The greatest banner of all time: by @TheOneWithTheHair!
view the rest of the comments
Obligatory, I’m not a scientist but I took an astronomy class in college and we talked about black holes a bit: The simple answer for why a black hole will tear everything apart is because the acceleration due to gravity will destroy it
The fastest speed you can go is the speed of light in a vacuum. That’s the upper limit (at least as we currently understand physics I think). So theres a limit to how fast you can go even in space. Black holes are really big and therefore have a really strong gravitational pull. It’s so strong that if something gets close enough, eventually the gravity will be strong enough that even if you’re going the speed of light, you won’t be moving fast enough to escape it. So you wouldn’t be in the black hole yet, but you wouldn’t be able to escape its gravity anymore. That area is what’s called the event horizon. The closer you get to the black hole, the stronger the pull of gravity becomes and the faster you accelerate towards it. Eventually it gets to the point that the part of you that’s closer to the black hole is accelerating so fast that it’ll be ripped from the rest of you that’s slightly further away and therefore being pulled slightly slower
Because not even light can escape the event horizon, black holes don’t look like anything except… black holes or dark spots in space, which makes them hard to detect bc darkness isn’t uncommon in space. So we actually detect them by looking for the distortion of light that passes near the event horizon and by the bursts of gamma rays that are released when a black hole feeds on matter. But afaik black holes aren’t technically “fact” yet. They’re still theories because while we have good evidence for them existing, we haven’t confirmed it bc obviously we can’t see them and can’t visit them bc they’re really far away. They’re just a really well agreed upon theory. But I think there are some different theories of the specifics of how black holes work, since we don’t actually know a ton about them
As I said at the start, I’m not a scientist, this is just based off an astronomy class from college so I may well be wrong. If I am please please correct me
Depending on how you define “directly observe,” but here’s a “picture” of a black hole.

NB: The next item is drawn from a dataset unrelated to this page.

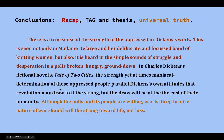At the very least your conclusion should have a recap, a tag and thesis, and a universal truth. If you don't have time for all of that, the tag and thesis plus the universal truth should be part of it — you may not have time for the recap, and I understand that. But that's a pretty strong conclusion, and I think I covered my thoughts about sophistication as well.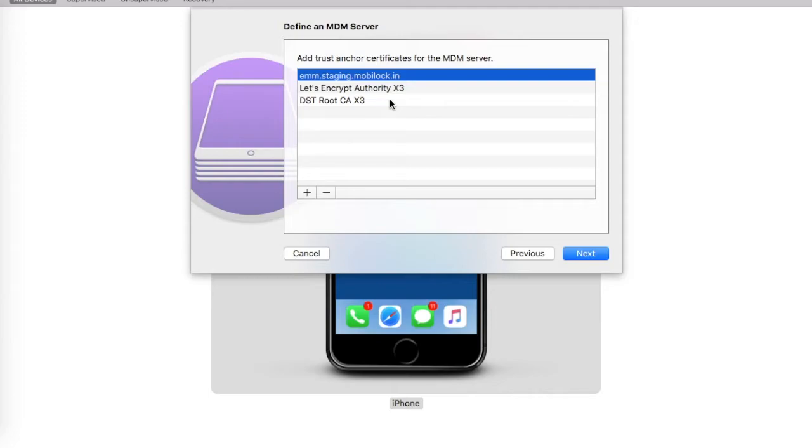This will do some validation. You will see the URLs of the server. At this point you are seeing a pre-production server, but in production you would see MobiLock.in. So go ahead and click on Next.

How do the gamma rays escape or are emitted from it if even light doesnt escape?
The gamma rays come from the super heated gas near the blackhole. That gas hasn't crossed the event horizon yet so thats why we can still see it
I’ll be honest, that’s one of the things I didn’t fully understand myself from the class. I tried to do a bit of reading to refresh my memory and I realized I was thinking of accretion disks, not gamma ray bursts. Black holes can emit gamma ray bursts apparently but I think they only emit it when they eat a star and the star explodes as it’s being pulled apart. So the burst we see is a part that’s still able to escape. I think
Accretion disks though are another way we can detect blacks holes. Because of their massive gravity, black holes draw in a lot of matter that orbits it until it eventually passes the event horizon and can no longer be detected. Before that though, all the matter, whether it be gasses or parts of stars or planets that have been torn apart, rubs together and heats up, emitting light that we can detect until it eventually is pulled past the event horizon
Like I said before, there’s still a lot we don’t know about black holes because they’re hard to find, let alone study. Honestly, the more I learned in that astronomy class, the more I realized just how much we don’t fully understand about the universe yet. We have so much left to learn and discover that it’s kind of exciting to think about what will be discovered next in our lifetime!